AAAR 32nd Annual Conference
September 30 - October 4, 2013
Oregon Convention Center
Portland, Oregon, USA
Abstract View
A Dual-Chamber Enhancement (DUCE) Method for Quantifying Secondary Organic Aerosol from Biomass Burning Emissions
DANIEL S. TKACIK, Ellis Shipley Robinson, Rawad Saleh, Adam Ahern, Albert A. Presto, Ryan Sullivan, Neil Donahue, Allen Robinson, Carnegie Mellon University
Abstract Number: 350 Working Group: Aerosol Chemistry
Abstract Biomass burning emissions are a large contributor to the global budget of gas- and particle-phase material in the atmosphere, and thus play an important role in atmospheric chemistry, human health, and climate. Current estimates on secondary organic aerosol (SOA) formation from these emissions are highly uncertain. A few biomass burning SOA studies have been conducted, but a challenge is the physiochemical makeup of these emissions is highly variable and depends on characteristics like burn and fuel conditions that are difficult to characterize. Smog chamber experiments typically consist of exposing emissions from a single biomass burn to one type of perturbation (ie: photo-oxidation), so the specific environmental conditions that promote or hinder SOA formation across all burn types are difficult to decipher.

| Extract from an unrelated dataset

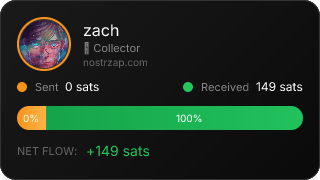 NostrZap Stats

In this study, a dual-chamber experimental setup was used to perturb biomass burning emissions using three different perturbations: high-NOx photo-oxidation, low-NOx photo-oxidation, and dark ozonolysis. During an experiment, dilute emissions from the same biomass burn were injected into two identical Teflon smog chambers. Each chamber was then subjected to a different perturbation using UV lamps (for photo-oxidation), nitrous acid (HONO, for high-NOx conditions), or ozone. Organic aerosol (OA) mass enhancements were derived for each chamber and used to calculate a dual-chamber enhancement (DUCE), a metric that describes the relative behavior of the emissions in response to different perturbations. In the high-NOx photo-oxidation vs. low-NOx photo-oxidation experiments, the high-NOx chamber showed lower OA mass enhancements in half of the experiments (n=4), regardless of fuel type, suggesting that NOx may play a role in hindering SOA formation in biomass burning emissions. In dark ozonolysis vs. low-NOx photo-oxidation experiments, the emissions subjected to dark ozonolysis showed higher OA mass enhancements in almost all experiments (n=7), suggesting that ozone may play an important role in SOA formation from biomass burning emissions.